• [TASK ITEM] Retype, exactly as they stand, the lines from the start of the data to the line that contains "Nesting Coffee Table", both ends included. Leave the pictures out.

• [DATA EXTRACTS]
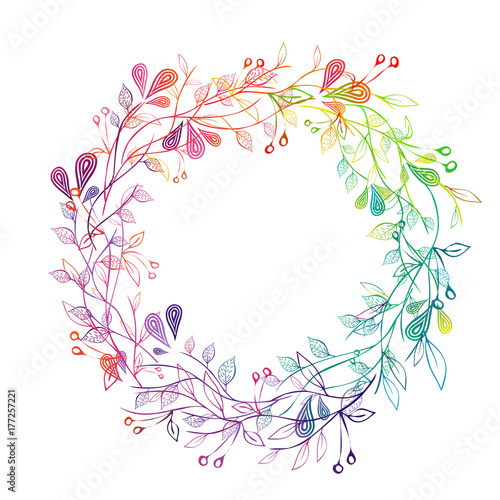 floral wreath isolated on white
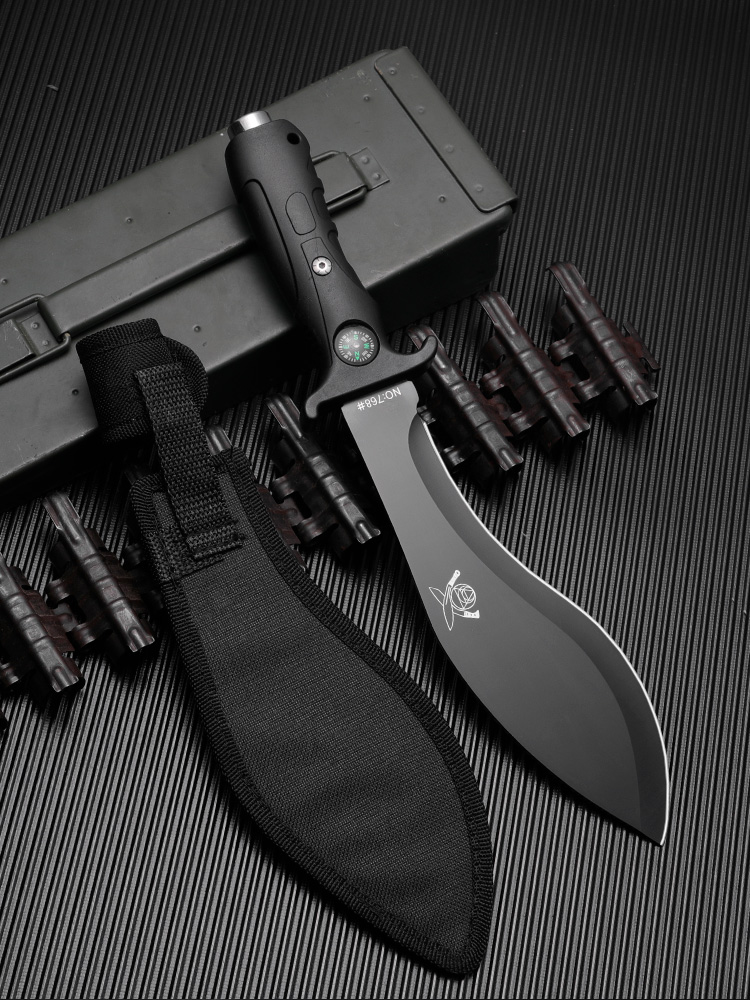 刀防身长款户外刀直刀刀具长款野外生存特战刀随身小刀水果刀大型黑色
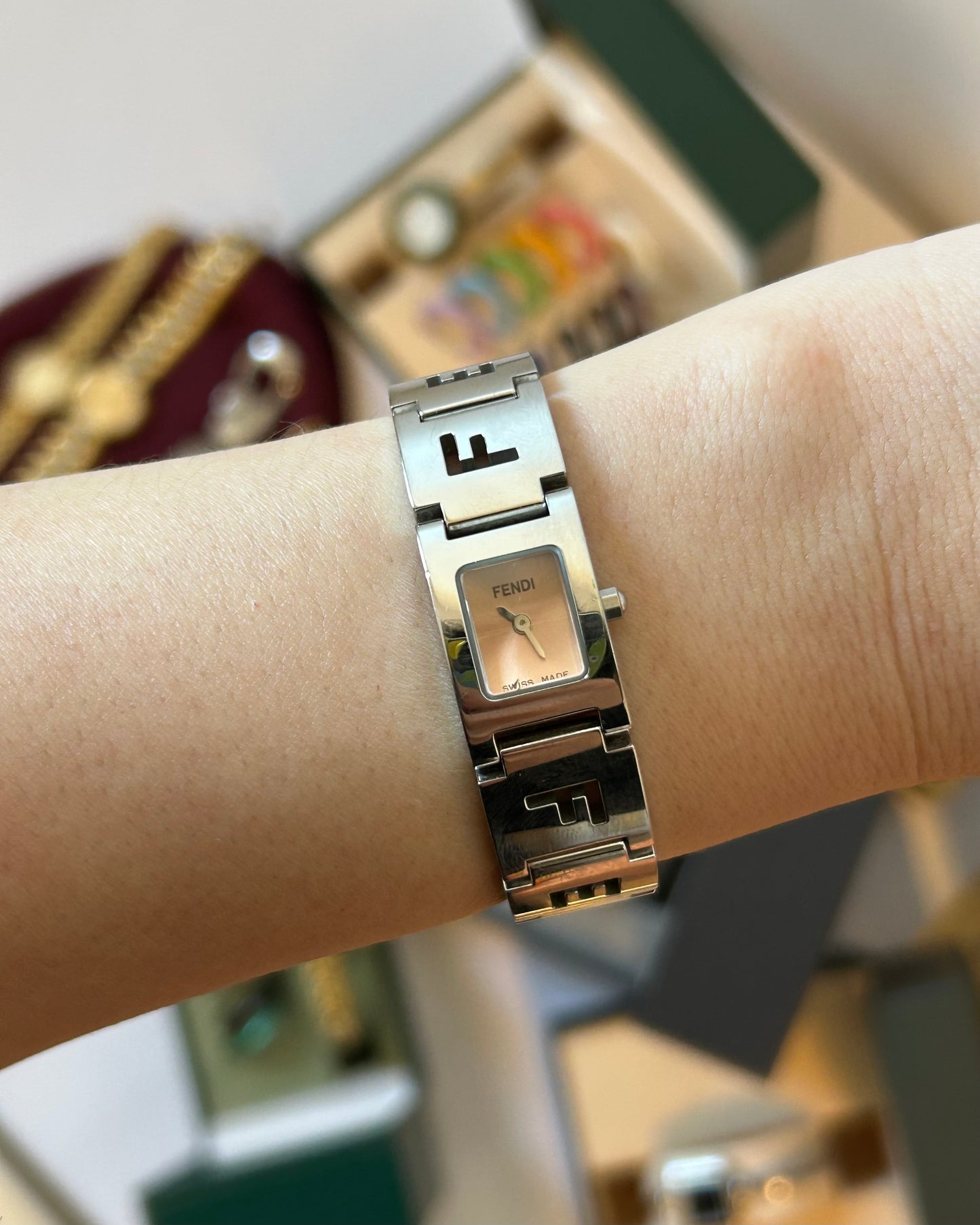 Vintage Y2K Fendi Logo Bracelet Watch — Pink Salmon Micro-Dial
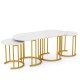 Nesting Coffee Table Set of 3 with Faux Marble Tabletop and Powder-coated Gold Metal Frame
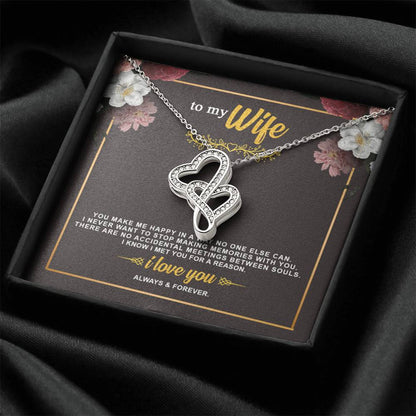 To My Wife Necklace  Anniversary Gift For Wife Birthday Gift For Wife Necklace For Wife Gift For Wife Birthday Wife Gi Double Hearts Necklace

• [WRITTEN ANSWER]
 floral wreath isolated on white
 刀防身长款户外刀直刀刀具长款野外生存特战刀随身小刀水果刀大型黑色
 Vintage Y2K Fendi Logo Bracelet Watch — Pink Salmon Micro-Dial
 Nesting Coffee Table Set of 3 with Faux Marble Tabletop and Powder-coated Gold Metal Frame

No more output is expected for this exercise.